Lacrosse experts, or so they imagined themselves, predicted a close, hard-fought battle for the national Junior “A” championship; however, the Excelsiors weren’t the team to get stuffed.
It took Bionda a mere one minute and 11 seconds to blow past several B.C. defenders, depositing the ball behind goalie Ron Delmonico. The onslaught was underway!
Brampton blasted 12 goals behind a shell-shocked Delmonico on just 13 shots, prompting Kerries’ coach Jake MacGregor to replace him with Gordie Stoddart. But the pinpoint shooting continued unabated with Stoddart blocking only eight of the 23 shots in the final three quarters.
For Brampton, it was a 27-9 slaughter, highlighted by Bionda’s six goals and three helpers. For the Kerries, the springy wooden floor of Queens Park Arena must have felt like a quagmire.
“I don’t like to sound as though I’m boasting,” said surprised Brampton coach Carl Madgett, “but, unless Vancouver improves about 100 per cent, we’ll take this thing three straight. E may be used to playing on dirt (floors) but that wood doesn’t bother us a bit.”
It was back o the planning board for MacGregor and what he designed added a whole new meaning to “Wild, Wild West.”
MacGregor bulked up his lineup by inserting Bill Barbour, Jock McGillvery, Dick Buzza, and Bill Chisholm and acting on a tip from Cloverleaf basketball star Maury Mulhern, the Kerries’ mentor introduced a zone defence.
Game Two went September 18 (Bionda’s birthday) with Brampton taking a quick 3-0 advantage. But, when Barbour took on Bob Watson in a spirited fight, the tempo of the game tilted in Kerrisdale’s favour – the Westerners won 13- 10.
“The zone is something never used in the East,” said Madgett.

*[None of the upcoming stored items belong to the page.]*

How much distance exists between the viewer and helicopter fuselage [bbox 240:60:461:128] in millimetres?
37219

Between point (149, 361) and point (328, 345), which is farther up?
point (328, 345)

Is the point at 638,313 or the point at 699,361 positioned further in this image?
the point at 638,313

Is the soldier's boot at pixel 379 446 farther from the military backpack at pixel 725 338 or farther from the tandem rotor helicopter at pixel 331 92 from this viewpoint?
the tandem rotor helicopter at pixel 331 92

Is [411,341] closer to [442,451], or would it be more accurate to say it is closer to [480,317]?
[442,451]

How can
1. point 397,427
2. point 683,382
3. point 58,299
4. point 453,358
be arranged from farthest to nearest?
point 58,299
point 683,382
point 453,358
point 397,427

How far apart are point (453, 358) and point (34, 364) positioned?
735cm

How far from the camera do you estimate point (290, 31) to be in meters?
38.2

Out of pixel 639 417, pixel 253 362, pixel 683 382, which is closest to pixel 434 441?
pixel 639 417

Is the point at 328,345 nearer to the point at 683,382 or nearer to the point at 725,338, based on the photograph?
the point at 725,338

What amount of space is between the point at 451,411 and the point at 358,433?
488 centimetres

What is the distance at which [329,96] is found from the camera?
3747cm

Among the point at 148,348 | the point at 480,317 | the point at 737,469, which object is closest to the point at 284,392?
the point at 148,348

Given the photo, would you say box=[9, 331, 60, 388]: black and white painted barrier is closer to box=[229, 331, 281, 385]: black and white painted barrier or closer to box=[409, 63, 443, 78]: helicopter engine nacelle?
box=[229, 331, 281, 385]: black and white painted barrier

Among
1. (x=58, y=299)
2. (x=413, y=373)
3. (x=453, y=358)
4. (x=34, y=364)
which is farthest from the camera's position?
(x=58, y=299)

“They sure pulled a quicky on us.”
Madget also complained that Brampton got a “raw deal” from referees Bill Wilkes and Gordie Folka in reference to only six minor penalties being assessed to Kerries – Bionda had been given a gash across his forehead as a birthday gift from the West, Ken Woods had a bloody mouth, George Savage was unable to stand on his right leg, Joe Caruso’s left leg was battered and Jack Sibbald sported numerous ugly welts over his body.

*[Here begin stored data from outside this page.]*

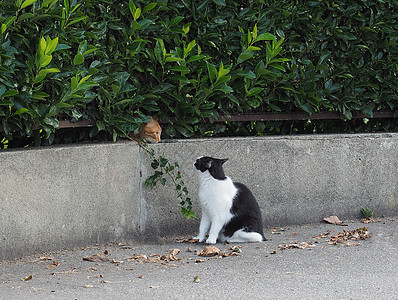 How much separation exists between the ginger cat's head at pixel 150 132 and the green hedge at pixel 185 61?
0.32 feet

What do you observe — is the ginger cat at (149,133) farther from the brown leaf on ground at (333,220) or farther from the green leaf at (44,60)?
the brown leaf on ground at (333,220)

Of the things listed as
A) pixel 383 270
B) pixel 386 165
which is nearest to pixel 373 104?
pixel 386 165

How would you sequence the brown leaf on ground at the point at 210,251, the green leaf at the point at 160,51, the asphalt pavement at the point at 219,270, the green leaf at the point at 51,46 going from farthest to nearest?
1. the green leaf at the point at 160,51
2. the brown leaf on ground at the point at 210,251
3. the green leaf at the point at 51,46
4. the asphalt pavement at the point at 219,270

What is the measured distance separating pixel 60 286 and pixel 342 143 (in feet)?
12.1

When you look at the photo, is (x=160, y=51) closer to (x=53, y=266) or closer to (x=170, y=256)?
(x=170, y=256)

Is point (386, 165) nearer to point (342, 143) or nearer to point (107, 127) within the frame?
point (342, 143)

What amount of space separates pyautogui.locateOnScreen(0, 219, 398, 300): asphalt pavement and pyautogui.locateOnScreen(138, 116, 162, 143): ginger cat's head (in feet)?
3.15

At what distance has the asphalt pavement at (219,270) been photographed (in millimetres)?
4543

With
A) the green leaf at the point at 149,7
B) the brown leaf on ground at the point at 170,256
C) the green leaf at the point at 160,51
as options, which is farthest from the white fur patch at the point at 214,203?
the green leaf at the point at 149,7

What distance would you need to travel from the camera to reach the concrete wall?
216 inches

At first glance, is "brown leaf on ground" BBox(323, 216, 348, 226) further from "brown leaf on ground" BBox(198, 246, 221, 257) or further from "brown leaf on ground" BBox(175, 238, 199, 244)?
"brown leaf on ground" BBox(198, 246, 221, 257)

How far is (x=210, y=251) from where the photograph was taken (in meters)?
5.64

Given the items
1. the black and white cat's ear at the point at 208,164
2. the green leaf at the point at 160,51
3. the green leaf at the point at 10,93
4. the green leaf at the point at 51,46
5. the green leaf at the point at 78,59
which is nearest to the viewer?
the green leaf at the point at 10,93

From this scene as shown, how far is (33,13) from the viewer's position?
17.4 ft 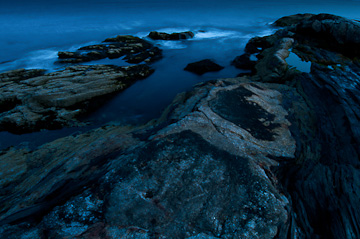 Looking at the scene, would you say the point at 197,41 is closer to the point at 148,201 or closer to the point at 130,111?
the point at 130,111

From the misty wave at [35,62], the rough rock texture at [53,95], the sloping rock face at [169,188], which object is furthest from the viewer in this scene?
the misty wave at [35,62]

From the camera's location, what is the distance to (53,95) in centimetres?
1349

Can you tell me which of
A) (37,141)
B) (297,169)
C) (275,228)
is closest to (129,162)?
(275,228)

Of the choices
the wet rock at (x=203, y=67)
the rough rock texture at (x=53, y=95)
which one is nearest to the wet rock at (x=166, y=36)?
the wet rock at (x=203, y=67)

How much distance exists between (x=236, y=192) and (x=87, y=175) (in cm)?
497

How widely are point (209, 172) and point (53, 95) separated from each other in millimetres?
13512

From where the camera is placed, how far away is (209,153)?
6195 mm

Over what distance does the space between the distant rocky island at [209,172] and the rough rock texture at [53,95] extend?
0.41 ft

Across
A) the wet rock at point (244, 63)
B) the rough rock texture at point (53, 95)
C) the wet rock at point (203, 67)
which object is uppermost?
the wet rock at point (244, 63)

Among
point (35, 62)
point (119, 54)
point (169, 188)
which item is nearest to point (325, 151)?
point (169, 188)

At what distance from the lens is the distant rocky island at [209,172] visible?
4645 millimetres

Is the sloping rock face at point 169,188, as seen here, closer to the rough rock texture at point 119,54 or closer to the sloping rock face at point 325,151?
the sloping rock face at point 325,151

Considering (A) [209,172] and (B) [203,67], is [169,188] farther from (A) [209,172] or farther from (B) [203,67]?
(B) [203,67]

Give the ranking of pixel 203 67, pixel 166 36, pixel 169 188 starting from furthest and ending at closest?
pixel 166 36
pixel 203 67
pixel 169 188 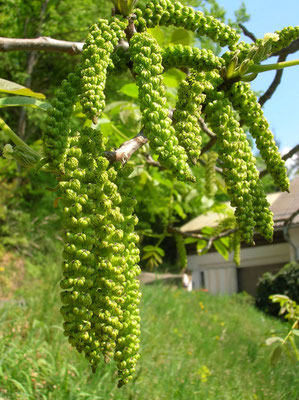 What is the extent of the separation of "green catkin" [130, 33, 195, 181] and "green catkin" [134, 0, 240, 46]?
121mm

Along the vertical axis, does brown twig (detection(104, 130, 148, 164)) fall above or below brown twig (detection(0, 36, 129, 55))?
below

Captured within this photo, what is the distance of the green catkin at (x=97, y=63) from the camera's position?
2.21 ft

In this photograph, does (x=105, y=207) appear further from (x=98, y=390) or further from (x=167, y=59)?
(x=98, y=390)

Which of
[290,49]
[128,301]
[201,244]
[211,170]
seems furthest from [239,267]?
[128,301]

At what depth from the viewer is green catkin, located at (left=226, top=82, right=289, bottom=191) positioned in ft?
2.82

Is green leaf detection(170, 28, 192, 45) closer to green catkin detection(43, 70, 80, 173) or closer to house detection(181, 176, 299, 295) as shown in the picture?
green catkin detection(43, 70, 80, 173)

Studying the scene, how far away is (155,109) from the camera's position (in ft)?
2.28

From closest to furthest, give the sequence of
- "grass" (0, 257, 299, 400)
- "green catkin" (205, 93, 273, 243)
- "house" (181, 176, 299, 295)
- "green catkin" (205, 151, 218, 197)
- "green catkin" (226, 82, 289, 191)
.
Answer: "green catkin" (205, 93, 273, 243), "green catkin" (226, 82, 289, 191), "green catkin" (205, 151, 218, 197), "grass" (0, 257, 299, 400), "house" (181, 176, 299, 295)

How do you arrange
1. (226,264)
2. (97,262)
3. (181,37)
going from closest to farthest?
(97,262), (181,37), (226,264)

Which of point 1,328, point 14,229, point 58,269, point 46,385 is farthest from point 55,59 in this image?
point 46,385

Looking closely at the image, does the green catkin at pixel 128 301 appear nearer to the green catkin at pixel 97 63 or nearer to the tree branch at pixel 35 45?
the green catkin at pixel 97 63

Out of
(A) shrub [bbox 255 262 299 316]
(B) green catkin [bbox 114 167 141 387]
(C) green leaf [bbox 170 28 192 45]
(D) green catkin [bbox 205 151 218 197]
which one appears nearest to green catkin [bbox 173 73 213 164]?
(B) green catkin [bbox 114 167 141 387]

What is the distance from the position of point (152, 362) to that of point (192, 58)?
4.27 meters

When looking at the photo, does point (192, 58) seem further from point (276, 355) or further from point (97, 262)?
point (276, 355) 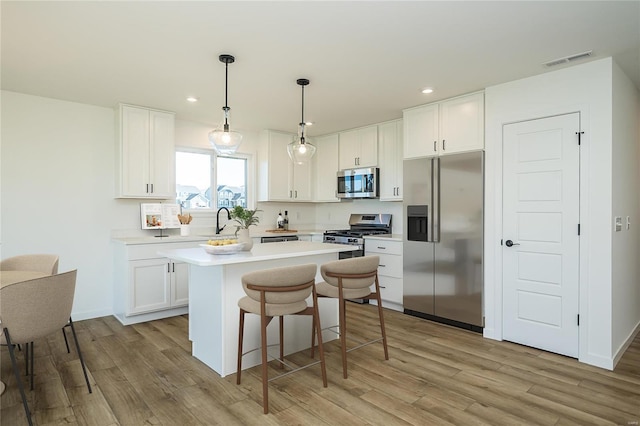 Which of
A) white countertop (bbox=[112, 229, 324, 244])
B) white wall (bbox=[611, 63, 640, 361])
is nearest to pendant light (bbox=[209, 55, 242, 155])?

Game Three was a classic seesaw contest; slim leads shifting back and fourth. Then, with less than four minutes remaining, Sibbald scored, giving Brampton a 10-9 advantage. Kerrisdale’s last chance to tie the game came with just 15 seconds left to play when sniper Bob Parry found himself alone in front of netminder Jimmy Dodds. He shot, he missed! Oh, well, onto Game Four.
Both teams now cast aside the rough stuff and concentrated on the business of playing lacrosse. Brampton, buoyed by four goal outbursts by Bionda and St. Catharines’ pickup player Jim “Peewee” Bradshaw, Jumped to a quick 7-2 first quarter lead and the hung on for a 16-13 victory to capture the national title.

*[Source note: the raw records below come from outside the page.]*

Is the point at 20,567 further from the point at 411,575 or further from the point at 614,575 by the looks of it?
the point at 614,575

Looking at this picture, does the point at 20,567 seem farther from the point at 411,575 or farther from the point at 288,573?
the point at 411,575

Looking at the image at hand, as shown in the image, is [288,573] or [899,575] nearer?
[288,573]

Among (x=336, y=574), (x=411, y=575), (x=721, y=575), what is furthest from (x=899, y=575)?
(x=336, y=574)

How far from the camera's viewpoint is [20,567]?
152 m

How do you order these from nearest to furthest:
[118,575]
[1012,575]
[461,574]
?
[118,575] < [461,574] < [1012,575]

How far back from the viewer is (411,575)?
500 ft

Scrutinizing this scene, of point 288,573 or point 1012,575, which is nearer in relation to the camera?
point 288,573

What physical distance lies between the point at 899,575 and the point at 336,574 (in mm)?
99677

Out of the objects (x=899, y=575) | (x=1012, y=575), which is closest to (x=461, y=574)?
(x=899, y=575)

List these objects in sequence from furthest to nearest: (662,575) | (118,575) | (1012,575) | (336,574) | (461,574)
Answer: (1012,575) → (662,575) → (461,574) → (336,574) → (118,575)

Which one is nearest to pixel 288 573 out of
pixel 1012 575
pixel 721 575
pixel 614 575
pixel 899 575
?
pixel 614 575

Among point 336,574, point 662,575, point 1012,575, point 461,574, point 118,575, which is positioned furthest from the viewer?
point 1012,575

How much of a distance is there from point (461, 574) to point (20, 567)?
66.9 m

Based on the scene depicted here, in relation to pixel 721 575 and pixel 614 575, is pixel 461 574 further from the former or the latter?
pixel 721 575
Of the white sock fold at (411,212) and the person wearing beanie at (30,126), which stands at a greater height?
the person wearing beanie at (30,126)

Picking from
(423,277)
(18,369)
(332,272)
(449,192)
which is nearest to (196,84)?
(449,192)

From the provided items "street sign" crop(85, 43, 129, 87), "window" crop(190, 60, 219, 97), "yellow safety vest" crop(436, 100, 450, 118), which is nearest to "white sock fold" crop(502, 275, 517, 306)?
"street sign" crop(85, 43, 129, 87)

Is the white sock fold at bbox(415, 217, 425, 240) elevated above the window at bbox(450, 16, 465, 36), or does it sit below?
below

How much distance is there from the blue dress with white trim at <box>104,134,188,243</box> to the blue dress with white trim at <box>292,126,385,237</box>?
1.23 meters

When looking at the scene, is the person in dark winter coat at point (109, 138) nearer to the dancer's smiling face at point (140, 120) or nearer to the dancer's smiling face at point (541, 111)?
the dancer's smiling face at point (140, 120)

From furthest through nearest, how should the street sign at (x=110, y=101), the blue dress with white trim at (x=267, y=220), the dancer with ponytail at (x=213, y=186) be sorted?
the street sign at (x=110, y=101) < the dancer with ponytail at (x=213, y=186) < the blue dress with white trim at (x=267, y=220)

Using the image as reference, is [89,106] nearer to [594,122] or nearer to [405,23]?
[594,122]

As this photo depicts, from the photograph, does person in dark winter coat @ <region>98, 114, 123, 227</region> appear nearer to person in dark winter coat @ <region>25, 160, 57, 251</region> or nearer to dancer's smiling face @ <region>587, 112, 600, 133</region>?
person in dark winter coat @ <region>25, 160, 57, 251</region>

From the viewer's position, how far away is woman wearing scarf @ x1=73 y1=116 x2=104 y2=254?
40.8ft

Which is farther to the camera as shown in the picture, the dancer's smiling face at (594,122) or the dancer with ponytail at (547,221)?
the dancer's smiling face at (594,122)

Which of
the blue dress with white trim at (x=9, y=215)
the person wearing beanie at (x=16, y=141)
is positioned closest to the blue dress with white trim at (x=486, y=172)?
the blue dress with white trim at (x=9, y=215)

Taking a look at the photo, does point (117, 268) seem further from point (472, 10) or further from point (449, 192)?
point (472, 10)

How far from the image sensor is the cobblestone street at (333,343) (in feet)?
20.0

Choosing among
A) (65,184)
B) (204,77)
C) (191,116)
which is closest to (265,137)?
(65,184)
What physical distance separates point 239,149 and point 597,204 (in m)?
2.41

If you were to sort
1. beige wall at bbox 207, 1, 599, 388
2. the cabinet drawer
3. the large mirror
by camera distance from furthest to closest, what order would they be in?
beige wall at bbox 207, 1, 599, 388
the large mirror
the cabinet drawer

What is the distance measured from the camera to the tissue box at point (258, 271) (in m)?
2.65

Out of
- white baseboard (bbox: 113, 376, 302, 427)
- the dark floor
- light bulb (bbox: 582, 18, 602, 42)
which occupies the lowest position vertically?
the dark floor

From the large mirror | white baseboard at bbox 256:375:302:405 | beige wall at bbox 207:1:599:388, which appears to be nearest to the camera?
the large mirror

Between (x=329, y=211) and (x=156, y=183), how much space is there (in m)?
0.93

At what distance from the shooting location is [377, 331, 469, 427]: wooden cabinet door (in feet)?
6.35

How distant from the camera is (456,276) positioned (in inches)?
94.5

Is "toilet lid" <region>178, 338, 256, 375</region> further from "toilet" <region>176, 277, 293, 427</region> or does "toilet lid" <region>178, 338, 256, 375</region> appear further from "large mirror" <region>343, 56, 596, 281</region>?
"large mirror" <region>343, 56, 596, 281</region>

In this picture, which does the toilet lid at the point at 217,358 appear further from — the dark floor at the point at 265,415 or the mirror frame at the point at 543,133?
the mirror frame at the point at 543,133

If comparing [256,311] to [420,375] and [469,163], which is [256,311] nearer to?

Two years later, Bionda would return to the West, this time as a player for Victoria, New Westminster, Nanaimo and Portland. Sibbald and Bradshaw would also spend time in a Victoria uniform.
Bionda, Barbour and Chisholm would eventually be inducted into the Canadian Lacrosse Hall of Fame in the Players category while Parry, Fred Aspin, Jake MacGregor, and Carl Madgett have been inducted as Builders.